Computer Science
BRAID develops generic ML methods for irregular, high-dimensional data—graph architectures, adaptive reduction, and locality-aware models. These form the shared backbone that all scientific domains build upon.
BRAID is a collaborative research initiative focused on developing AI-driven frameworks for the reconstruction of physics signals in irregular high-dimensional data.
Astrophysics
IceCube-like detectors pose sparse, irregular inference challenges. BRAID applies its generic graph-based ML tools to improve event reconstruction, while astrophysics provides demanding test cases that sharpen these methods.
Nuclear & hadron physics
Dynamic detector conditions at FAIR require robust, adaptive algorithms.
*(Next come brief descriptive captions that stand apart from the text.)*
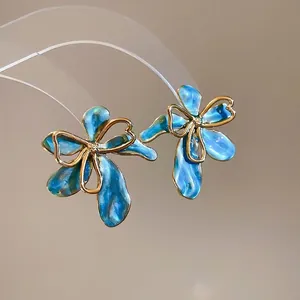 Orecchini a perno retrò francesi in resina blu marmorizzata con bordo dorato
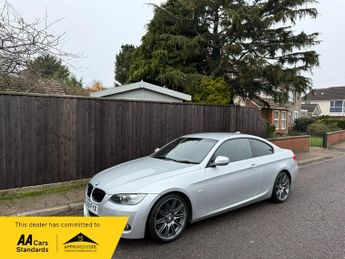 BMW 320 320i M SPORT HIGHLINE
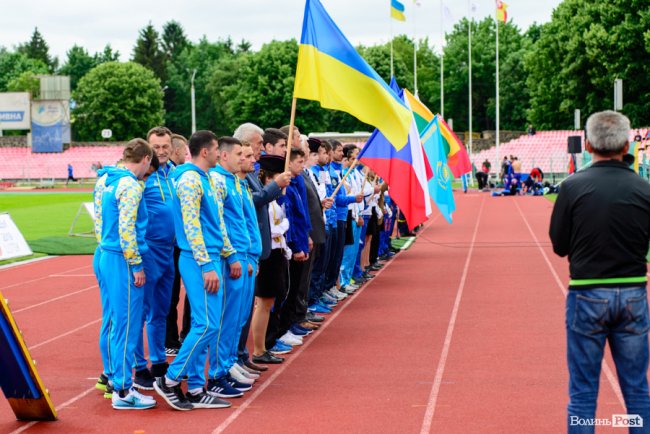 До Луцька на змагання з'їхались пожежники з 7 країн. ФОТО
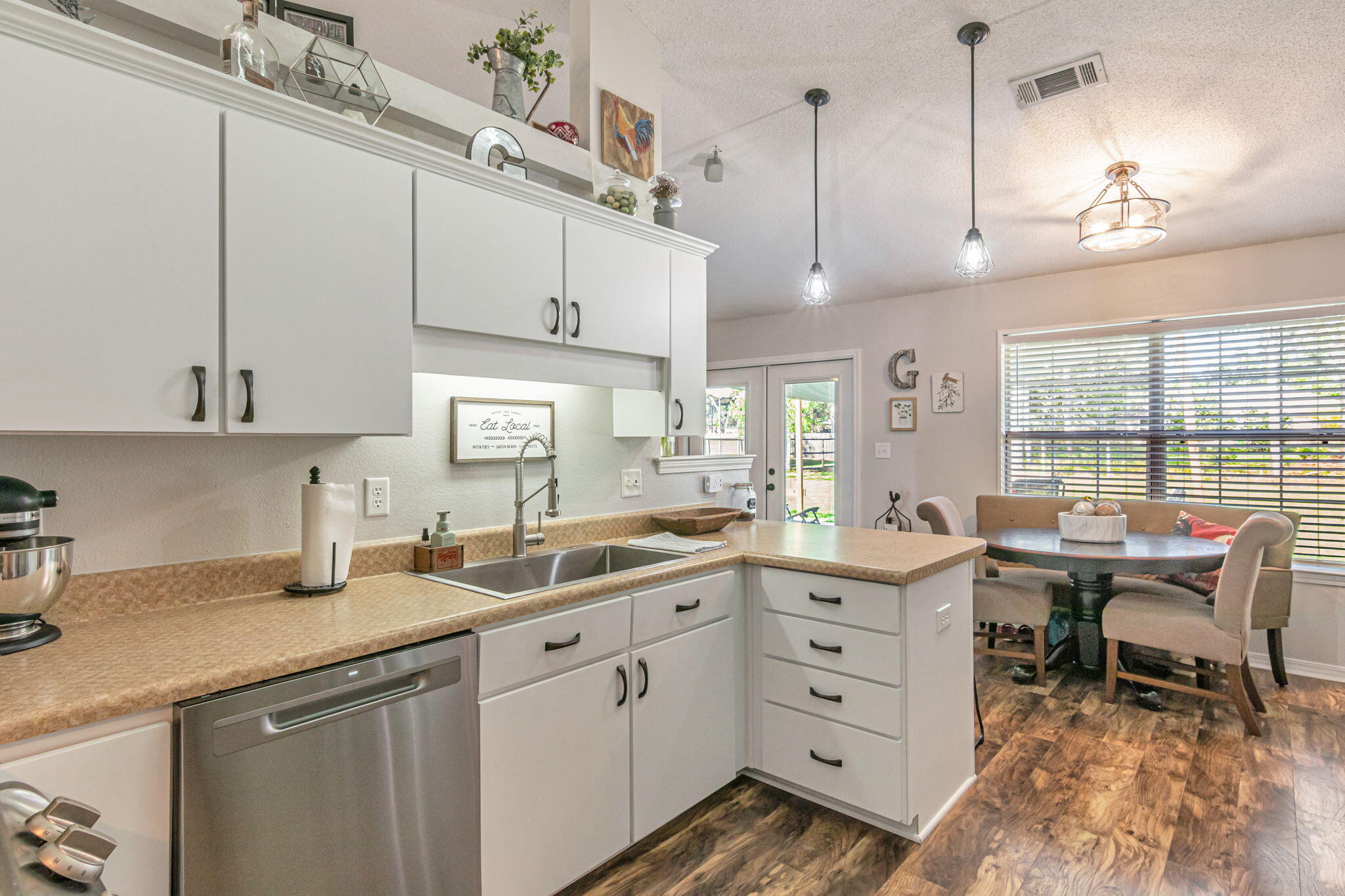 HOLLEY BY THE SEA - Residential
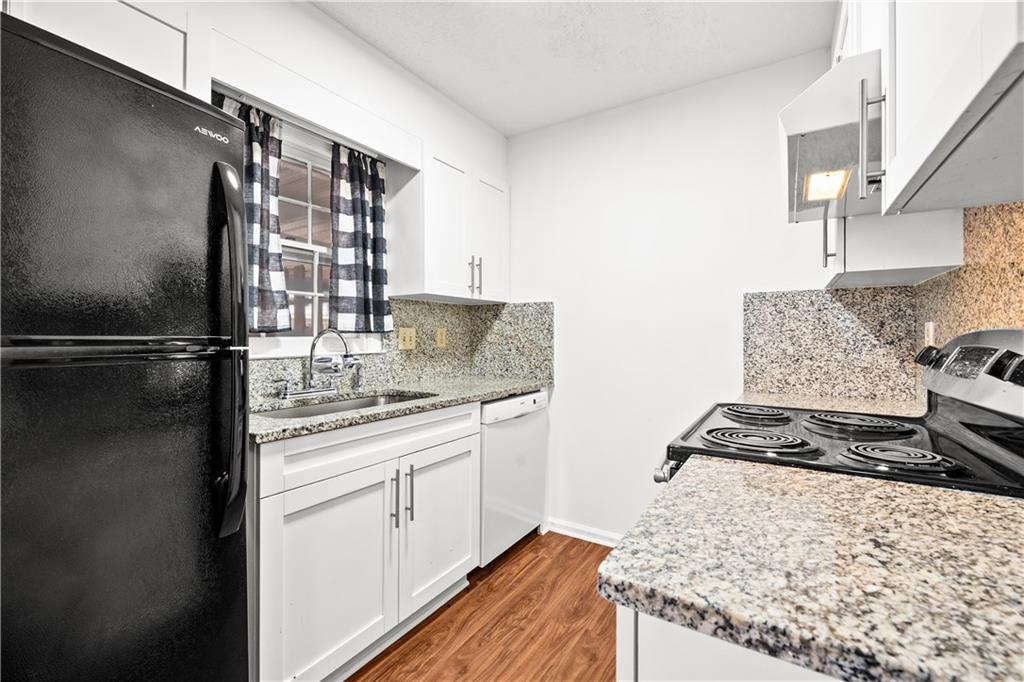 151 Old Ferry Way Roswell, GA 30076 - Photo 8 of 26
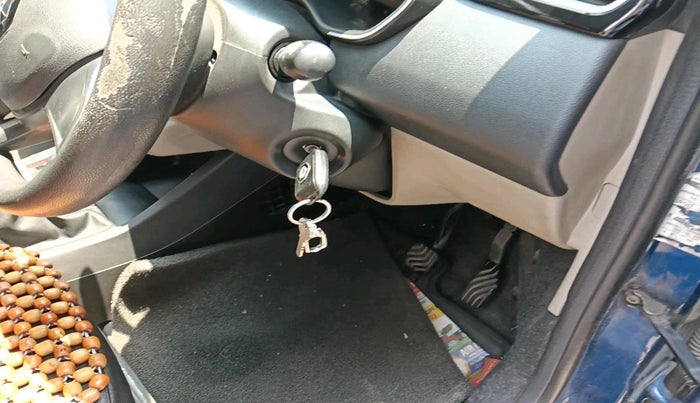 2020 Renault TRIBER RXL AMT, Petrol, Automatic, 56,353 km, interior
BRAID's CS-driven architectures offer flexible, locality-preserving reconstruction that can handle shifting environments and complex event structure.
High energy physics
At the HL-LHC and future detectors, classical reconstruction is reaching its limits. BRAID brings domain-agnostic CS methods—graph learning, dimensionality reduction, physics-aware constraints—to improve scalability and detector-design agility.
Medical applications
Intraoperative monitoring produces noisy, high-dimensional signals. BRAID repurposes its generic graph and reduction techniques to extract stable patterns, demonstrating their versatility beyond physics.